Казалось, каждые пять минут она подходила к Кате, улыбалась, щупала ее растущий живот.

- Молодец, товарищ Зотова! Так держать Юность стучится в двери. Молодая зотовская смена готовится принять вахту стяжавших славу. Да, Катя? Вот будет радостно тогда на свете жить... Да, Катя?

- На каком свете, товарищ Здоровых? - шершаво отвечала Катя, водя языком по пересохшему нёбу.

Она потихоньку начинала ненавидеть зреющего с нечеловеческой скоростью в ее чреве ребенка. Да и можно ли тут родить человека? Он изводил ее, непрерывно шевелясь, лупя во все стороны руками и ногами.

Постоянно хотелось есть, постоянно хотелось пить, постоянно хотелось мочиться. Короткий, торопливый, полный кошмаров сон сменялся торопливым бодрствованием, состоящим, казалось, лишь из питания и беготни в туалет.

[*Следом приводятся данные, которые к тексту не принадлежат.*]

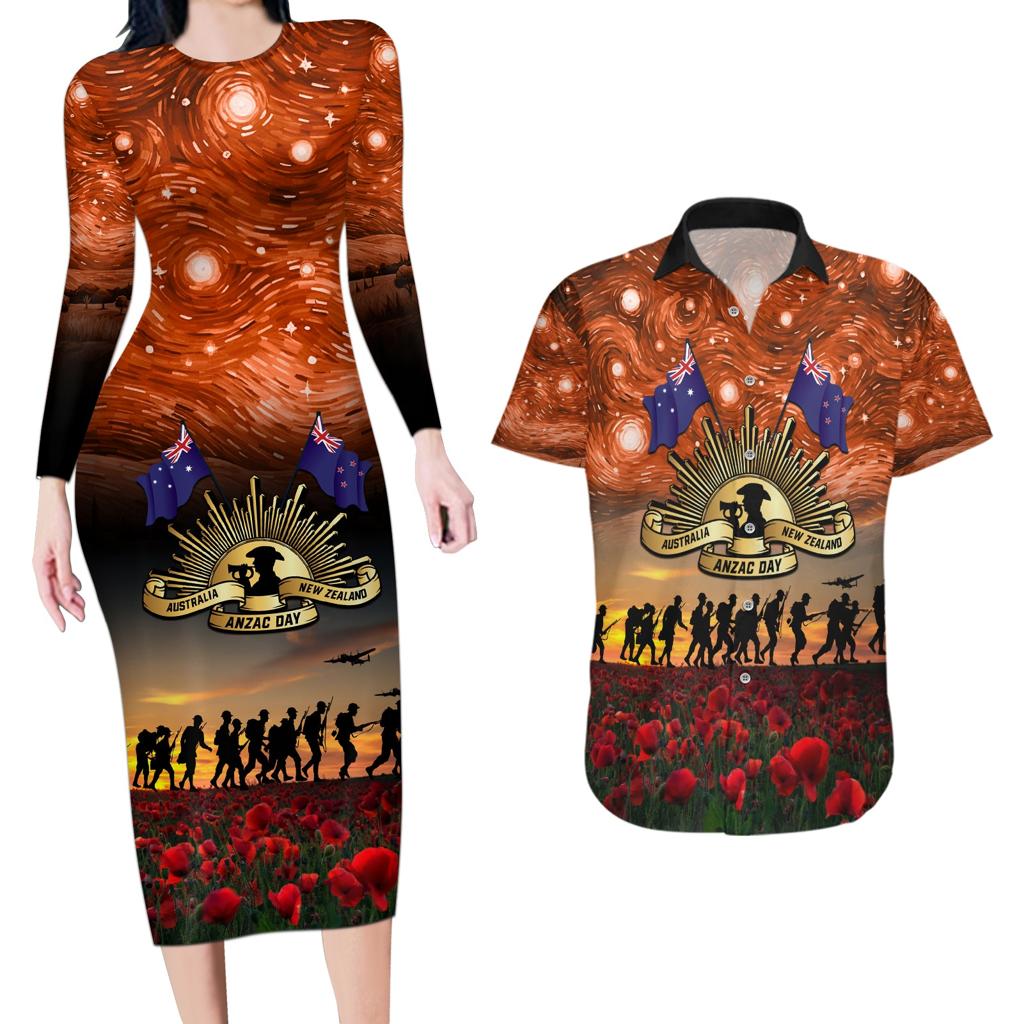 The Rising Sun Badge ANZAC Couples Matching Long Sleeve Bodycon Dress and Hawaiian Shirt Last Post Field of Poppy Starry Night Style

Во время очередного позыва по дороге в уборную, Катя попалась на глаза рулевой Здоровых. Та знала все о свойствах быстрых гротов и не хотела состариться раньше времени. Поэтому в своих ежедневных обходах мелькала, как метеор.

Вдруг сильнейшая боль под животом вцепилась тупыми когтями, пошатнула девушку, заставила схватиться за стенку, чтобы не упасть.

- Ты куда, товарищ Зотова?

- В туалет.

- Нет, тебе не туда. Давай-ка, давай пойдем... Зо-товской смене пора появиться...

Все прошло очень быстро. Достигнув апогея, боль почти сразу же отпустила. Катя слышала когда-то, в прежней жизни, от знакомых девчонок об ощущениях при абортах и куда более сильных - при родах. То, что произошло с нею, было больше похоже на аборт. Но случилось рождение сына.

Мальчика не пришлось шлепать. Он сразу громко закричал, красный, мокрый, переполненный кровью и здоровьем. Он требовал себе места даже в этой мертвящей пещерной темноте.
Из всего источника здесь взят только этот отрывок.